Microprocessors are very difficult but each thing is an evolution of the last.

AR glasses is probably the most difficult integration problem ever solved so far. It is taking a ton of technologies that have only every been used at much larger scales (cars, planes, stationary cameras), shrinking them down, then they’re trying to integrate that with a pair of glasses that are both comfortable and stylish and have a long enough battery to use, and are affordable to buy.

The object recognition is getting pretty decent, but right now phones struggle with this let alone something glasses sized. AND getting the device to do it on device vs the cloud for both privacy and latency. Then once you have object recognition, you have to then filter out which recognized objects are important to display. How does the device figure this out? Watching your eyes? Have you seen a video of human eyes moving? They’re not exactly stable, they jump around constantly and your brain stitches all the image’s together into something cohesive. What about when you want to use gestures to control things, like scrolling through menus on a virtual screen? How does it differentiate between that and when you’re touching an actual screen? So now you need cameras on the inside too, but also super advanced AI onboard to figure out gestures from random hand waving. You also need to build an entire suite of apps that work with this. Smartphones didn’t exactly start out with huge app stores and we didn’t have high expectations for them anyway. Now, our expectations are sky high. We want to replace our phones and laptops with these. So we need that experience but better.
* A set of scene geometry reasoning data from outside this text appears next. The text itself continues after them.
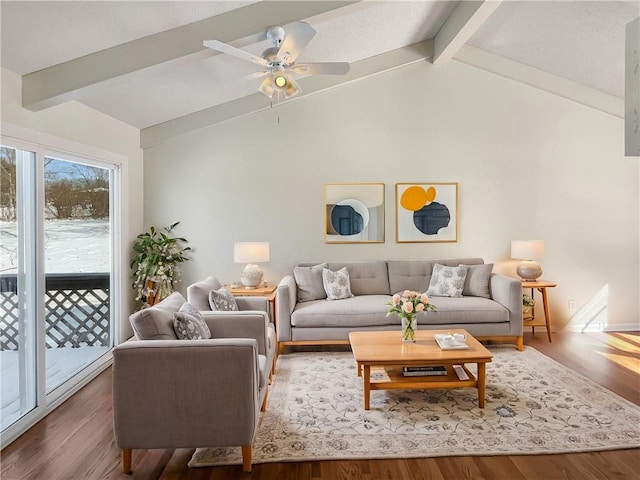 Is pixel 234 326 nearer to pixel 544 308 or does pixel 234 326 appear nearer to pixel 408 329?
pixel 408 329

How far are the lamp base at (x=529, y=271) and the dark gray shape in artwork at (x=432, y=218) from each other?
100 cm

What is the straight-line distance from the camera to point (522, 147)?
5.32 meters

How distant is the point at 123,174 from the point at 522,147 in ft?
15.4

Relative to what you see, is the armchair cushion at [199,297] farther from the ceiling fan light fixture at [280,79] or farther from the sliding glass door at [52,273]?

Then on top of that, you need a transparent screen that doesn’t fuck with your vision both while you’re wearing the glasses and permanently that can show high resolution, high frame rate, variably transparent images, video, and text, that can both be stationary in space or motion smoothed depending on the users motion. For example, when you’re sitting and you have virtual computer monitors, you want those monitors to be fixed over a desk, always, even when you turn your head. But when you walk away, you want those monitors to stay there and not move. You want them to be there when you come back though. But you also want them to be able to pop up in the “right” place while you’re on the train so you can work on your commute. You’re facing sideways and the train is moving forward. The glasses need to figure out that motion and allow you to work or watch a movie without a ton of jittering, but it needs enough jittering to match the bounces of the train because otherwise you’ll get motion sickness. It also needs a different interface for while you’re walking and want to do things. It needs stationary menus always in the same place in your field of view (which, define that) but also things that move with the environment, some transparent and others completely opaque.

And it needs to do all of this with absolutely no lag. And not look dorky, and the battery needs to last all day, and it needs to work with different interfaces like keyboards, mice, fingers, eye tracking, figure out when it needs to ignore eye tracking and use the mouse, when it needs to combine the two. And it can’t just be something that only Jeff Bezos can afford.